Cucumber and Mint Gin Gimlet
This original gin cocktail is credited with giving sailors the nickname of “limeys” because of their fondness for adding gin to the lime juice they consumed for “medicinal” purposes. This modern twist is perfect for a refreshing spring or summer meal and goes amazingly well with any spicy dish, especially a curry, because the acidity of the lime and the sugar from the syrup cuts through the burn and brings all the exotic flavors, but not all of the heat, to the forefront.
1/4 cup cucumber, peeled and chopped
7 mint leaves
1 ounce simple syrup
2 ounces dry gin
1 lime, juiced
Muddle the cucumber, mint, and syrup in a cocktail shaker, then fill with ice and add the gin and lime juice.
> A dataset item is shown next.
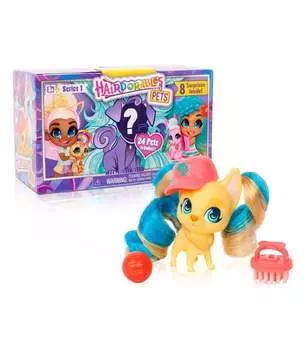 Flair Hairdorables, Домашние животные-сюрпризы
Shake vigorously till chilled, and then strain the mixture into an old-fashioned glass; garnish with mint and a slice of cucumber.
Gin and Tonic
First introduced as a deterrent to malaria, the original gin and tonic also included quinine, which was quite bitter, but is fortunately no longer an ingredient in this popular spring and summertime cocktail. Refreshing and sophisticated, it is also incredibly easy to make because, like cheese and crackers, if you can read the title you can make the recipe. Remember that over half of this beverage is water, so if you get top-shelf gin, don’t settle for bargain basement tonic water. It will make a difference. This particular recipe uses tonic water ice cubes, but if you are pressed for time (or simply forgot to make them), regular ice cubes will do as well. Also, do not shake or stir the ingredients. They will naturally combine as you enjoy this cocktail, and each sip will be as fresh as the last.
5 tonic water ice cubes
1 lime wedge
2 1/2 ounces gin
Approximately 4 ounces tonic water
Several hours or up to 3 weeks before making, pour tonic water into an ice cube tray and freeze. Once frozen, place the cubes in a highball tumbler. Swipe the lime wedge around the rim of the glass and then drop on top of the ice cubes. Pour in the gin and top with the tonic water. Do not stir but do enjoy immediately.
Classic Martini
Martinis are made with gin. Period. Any other spirit is just pretending (we see you, vodka). And while James Bond always wanted his shaken, not stirred, it is probably best to stir, not shake because shaking will dilute and create air bubbles that impede the silky texture associated with a classic martini. The ratio is generally three parts gin to one part vermouth for a classic; however, variations such as a 50-50, which, as the name implies, uses equal parts gin and vermouth, are perfectly acceptable. A reverse martini flips the classic ratio so that each drink has far less alcohol; a “perfect” martini combines both dry and sweet vermouth, and a Vesper adds a little vodka (okay, vodka, you can come out from behind the wine rack). A chilled martini glass is a must, but garnishes are a matter of preference.
3 ounces dry gin
1 ounce dry vermouth
Ice
Lemon twist, cocktail onions, or olives for garnish
Put a martini glass in the freezer to chill. Pour the gin and vermouth in a small mixing bowl or glass, add ice, and stir (sorry Mr. Bond) for about 30 seconds or until chilled. Strain into the chilled martini glass and garnish with lemon twist, cocktail onions, or olives, and serve immediately.